Exercise details: Reproduce the entries below exactly, but only from the line containing "Him Law Instagram" to the line containing "1441 S Oakhurst", inclusive.

Records supplied:
********************

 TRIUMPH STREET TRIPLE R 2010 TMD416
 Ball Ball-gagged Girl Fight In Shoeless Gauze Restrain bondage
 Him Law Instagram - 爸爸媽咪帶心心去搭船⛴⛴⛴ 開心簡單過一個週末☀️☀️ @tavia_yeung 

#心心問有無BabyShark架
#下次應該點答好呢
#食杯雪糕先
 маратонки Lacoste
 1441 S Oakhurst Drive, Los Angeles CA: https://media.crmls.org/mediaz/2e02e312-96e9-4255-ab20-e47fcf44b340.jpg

********************

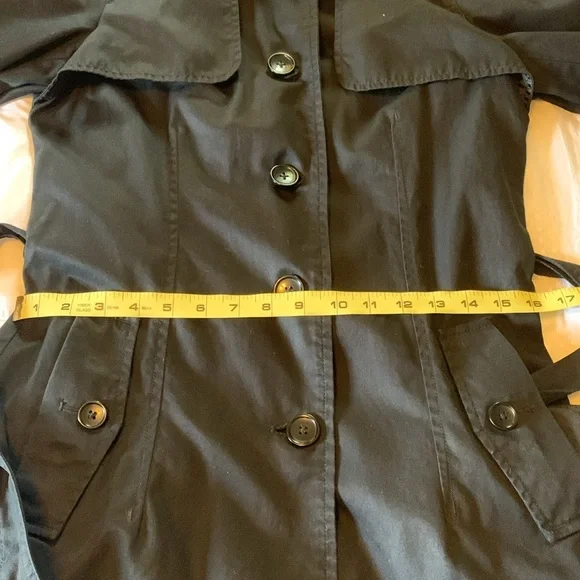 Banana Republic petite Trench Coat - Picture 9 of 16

********************

Answer to the exercise:
 Him Law Instagram - 爸爸媽咪帶心心去搭船⛴⛴⛴ 開心簡單過一個週末☀️☀️ @tavia_yeung 

#心心問有無BabyShark架
#下次應該點答好呢
#食杯雪糕先
 маратонки Lacoste
 1441 S Oakhurst Drive, Los Angeles CA: https://media.crmls.org/mediaz/2e02e312-96e9-4255-ab20-e47fcf44b340.jpg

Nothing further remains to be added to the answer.